My father didn’t get mad very often. I remember him yelling only once. That was when he took me, my sister, and one of her friends to a circus and caught us making fun of a handicapped man.
Even now I can remember the force of his anger -and the volume of his voice! You can bet I didn’t have to learn that lesson a second time! His anger totally chastised me for being so uncaring and insensitive. Yet, mortified as I was, I could be grateful for one thing, and that’s that the handicapped man was far enough away that he didn’t hear any of it.

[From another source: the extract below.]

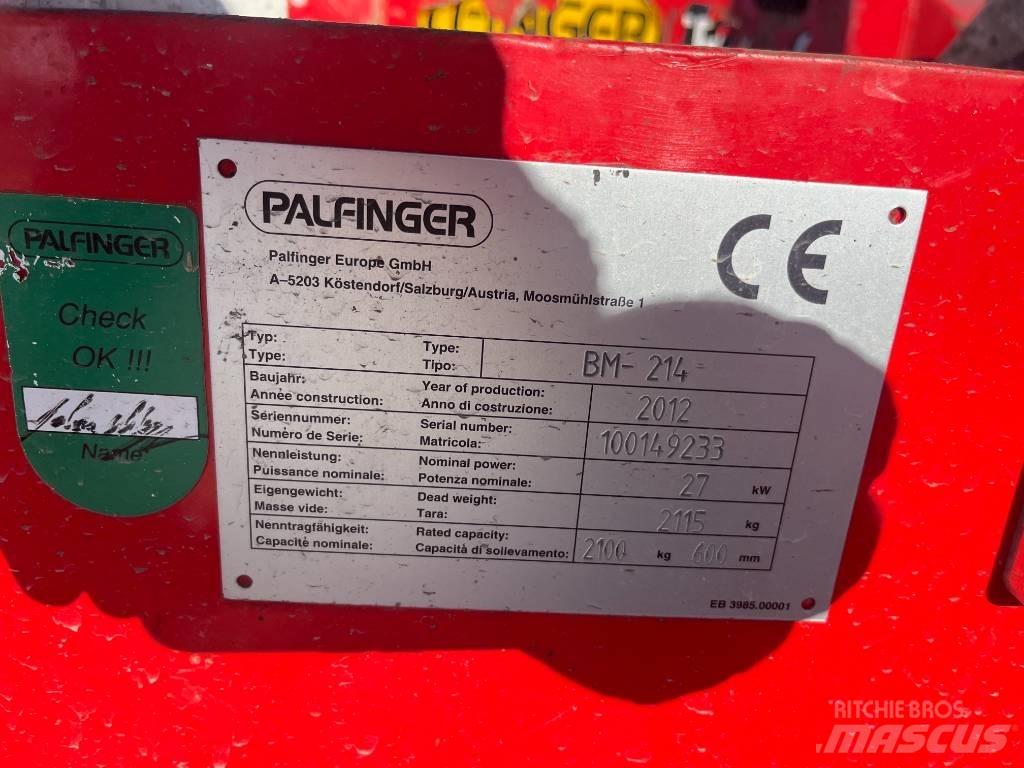 Palfinger BM 214 Ajoneuvotrukit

When you’re that young, you can be thoughtless like that because you don’t fully realize how disadvantaged people not only need, but deserve, a bit more patience and consideration. We give some grace to the young because of that understandable immaturity, but evidently there are people who still need to be taught such basic lessons even if they are now adults.
This week someone forwarded to me an article about some people standing in line for a movie behind a man with notable handicaps. Because of his limitations, he was taking longer than others to get to his wallet (even though he started reaching for it before he got to the head of the line), and was holding things up a bit when a woman behind him said “They shouldn’t let people like that come to the movies.” And she said it loud enough that the handicapped man heard it.

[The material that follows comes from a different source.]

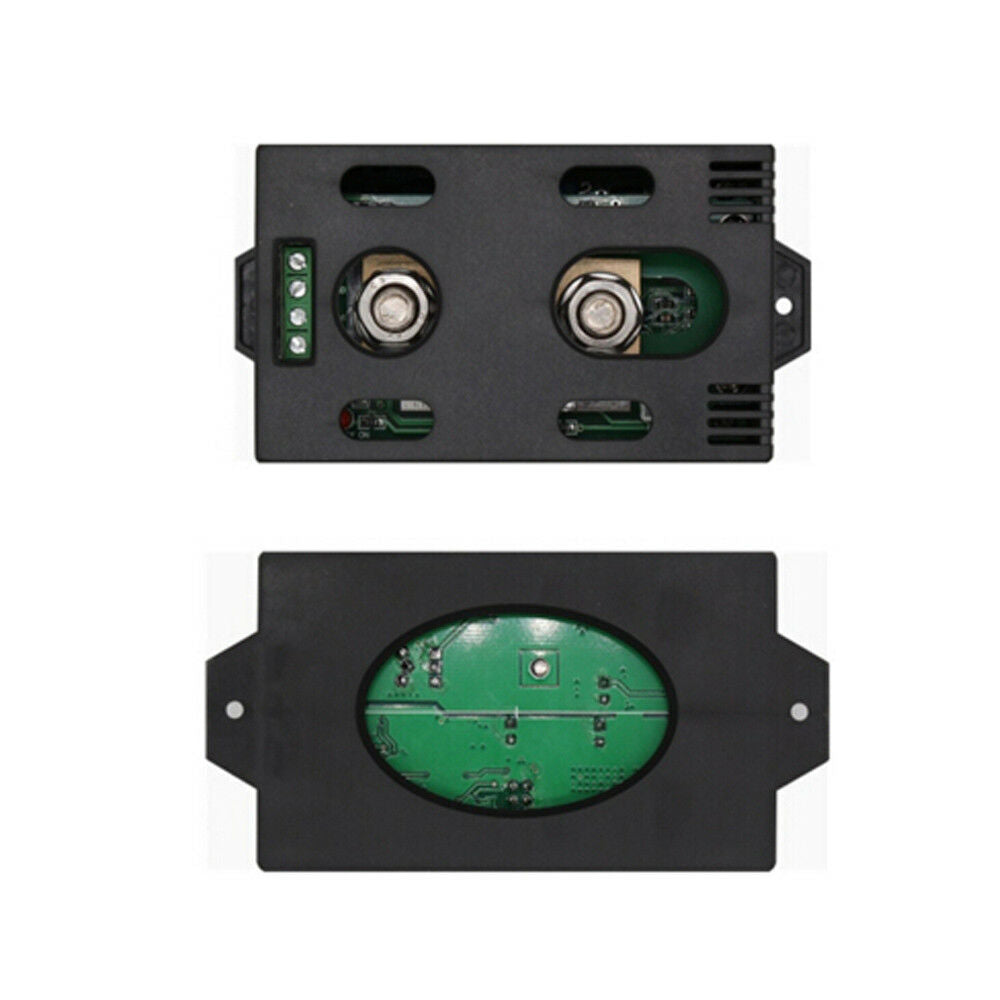 Wireless DC Voltage Ammeter Power Meter Battery Capacity Monitoring Coulomb mete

Can you believe that? I hate to think what my dad would have thought about me doing that long after I was old enough to know better!

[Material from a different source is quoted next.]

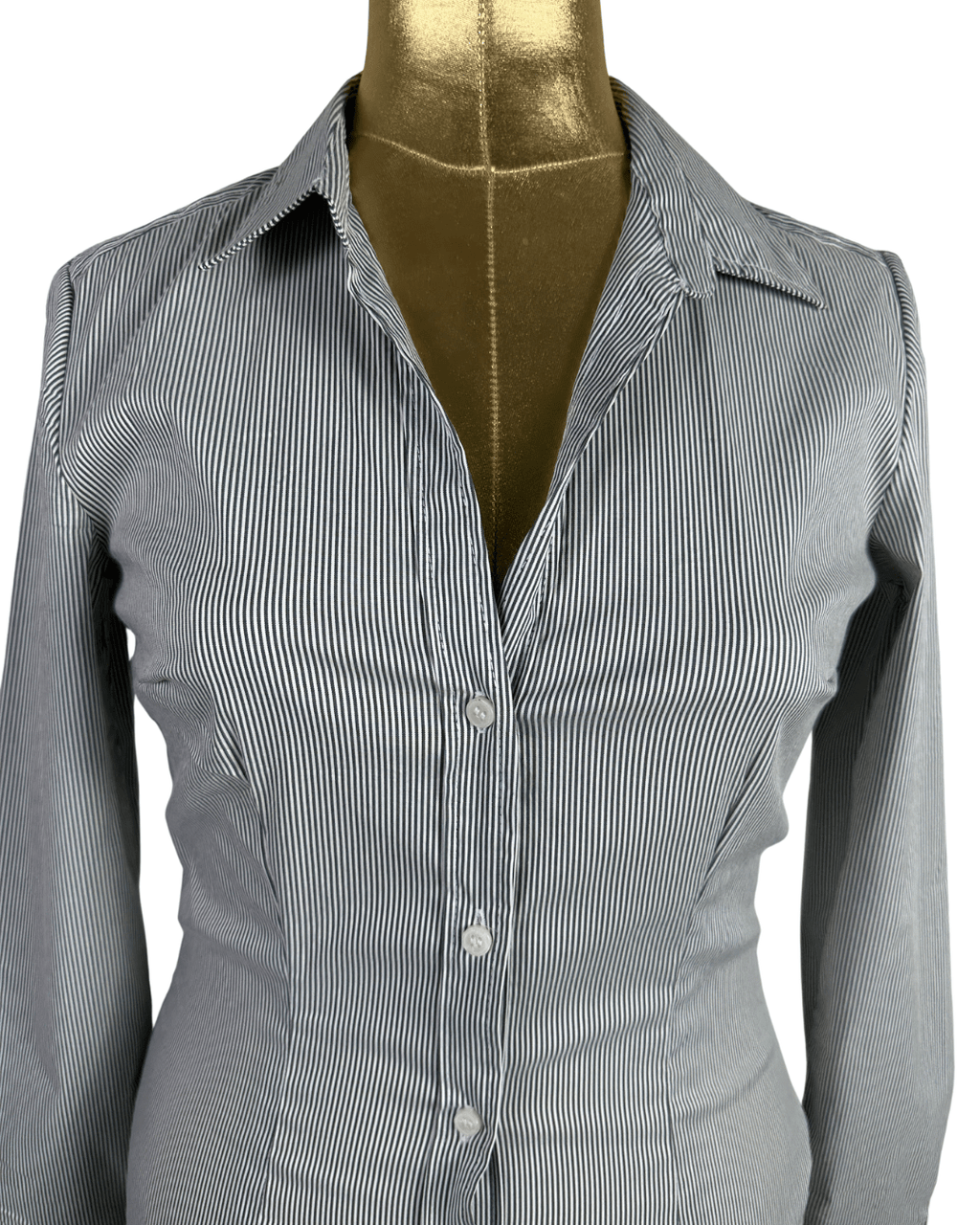 H&M Women's Fitted Shirt - 36 - Funkify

This could have been just an awful humiliation for the handicapped man, but luckily there was another man in the line who turned to the woman and let her have it about her rudeness and lack of feeling (hopefully she was as remorseful as I was). And when that man got to the front of the line to pay for his ticket, he was surprised to learn that it was already paid for – by the handicapped man!
Isn’t that great? Don’t you just love to hear a story like that, where a little bit of justice gets done? You’d have to be pretty hard-hearted not to be happy that the handicapped man got to know that someone cared enough and respected him enough to defend him, and that he didn’t have to walk away feeling alone and demeaned. And just as well that the man who spoke up was recognized and knew that he was appreciated.
In a favorite movie, a character, speaking about politics and his individual contribution to the world says “I support the view that you just don’t think about the big picture. You add your light to the sum of light.” I half like that, but not fully, because I think that you do have to think about the big picture too, yet the idea that you can be part of improving a big, cold, impersonal and unbending world, or at least your small patch of it, by a comparatively small act highlights how meaningful we have the opportunity to be in even the most mundane rituals of ordinary life.
I think of it that way, that taking a stand is, I tell myself, a way to create the world that I want to live in. It helps to consciously take that view, otherwise there is a tendency to see one’s own actions as small, and minimally significant. Granted, I know that I am not shaking things up on a global level, but I tell myself that unexpected assistance to a stranger, being supportive to someone who’s unjustly attacked, not passing on that bit of gossip, making a donation, and things like are like being a resistance fighter against the occupying forces of divisiveness and cynicism, with every bit of push back being a skirmish that is won and a bit more light added to the sum of it.
And these are self-rewarding acts, likely to inspire you to do more for others. After all, generosity has that effect.
I think this view can work for you too, helping you to remember the real power that you have and inspire you to use it as much as you have opportunity to do.